### Instructions for the task
What appears in the data must be reproduced exactly.

### Information provided
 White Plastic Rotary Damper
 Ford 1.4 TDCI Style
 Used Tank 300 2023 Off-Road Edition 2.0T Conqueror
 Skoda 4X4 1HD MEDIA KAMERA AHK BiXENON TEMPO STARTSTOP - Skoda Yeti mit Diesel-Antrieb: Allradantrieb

### Written solution
 White Plastic Rotary Damper
 Ford 1.4 TDCI Style
 Used Tank 300 2023 Off-Road Edition 2.0T Conqueror
 Skoda 4X4 1HD MEDIA KAMERA AHK BiXENON TEMPO STARTSTOP - Skoda Yeti mit Diesel-Antrieb: Allradantrieb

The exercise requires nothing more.